Exercise objective: Write the full listing out again, word for word, but omit the pictures.

━━ Information shown

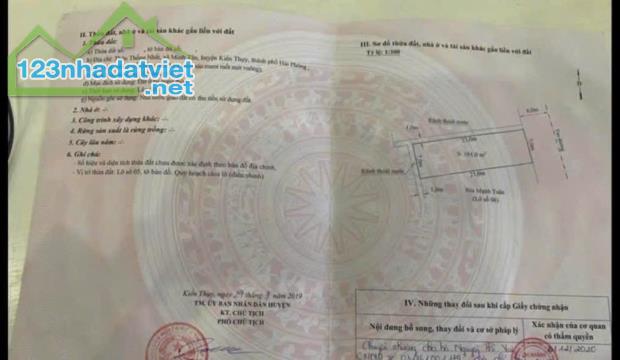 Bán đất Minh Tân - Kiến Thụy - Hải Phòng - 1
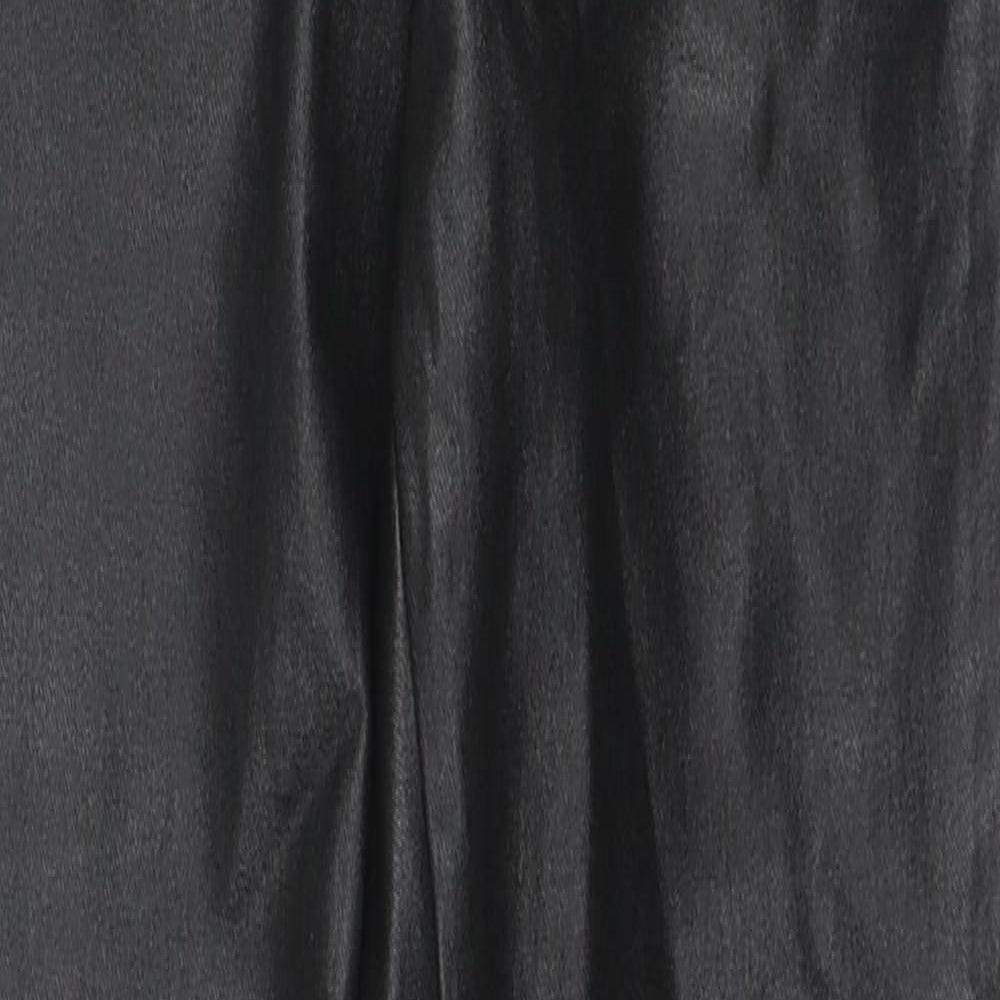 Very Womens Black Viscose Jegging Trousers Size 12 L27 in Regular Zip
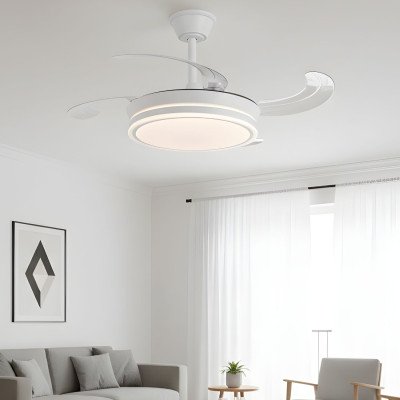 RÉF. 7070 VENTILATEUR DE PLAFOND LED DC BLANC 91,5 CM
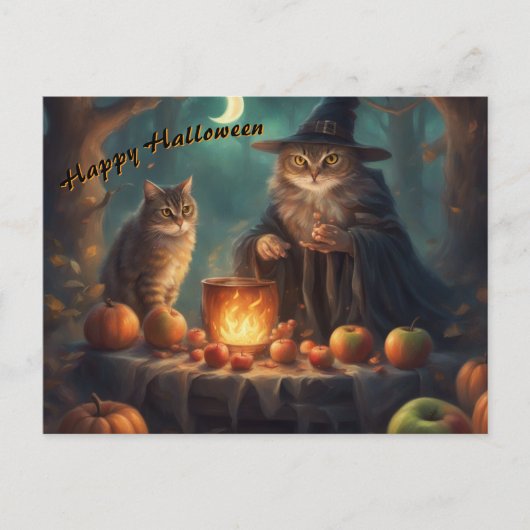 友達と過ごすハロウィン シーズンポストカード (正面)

━━━━

Task answer:
 Bán đất Minh Tân - Kiến Thụy - Hải Phòng - 1
 Very Womens Black Viscose Jegging Trousers Size 12 L27 in Regular Zip
 RÉF. 7070 VENTILATEUR DE PLAFOND LED DC BLANC 91,5 CM
 友達と過ごすハロウィン シーズンポストカード (正面)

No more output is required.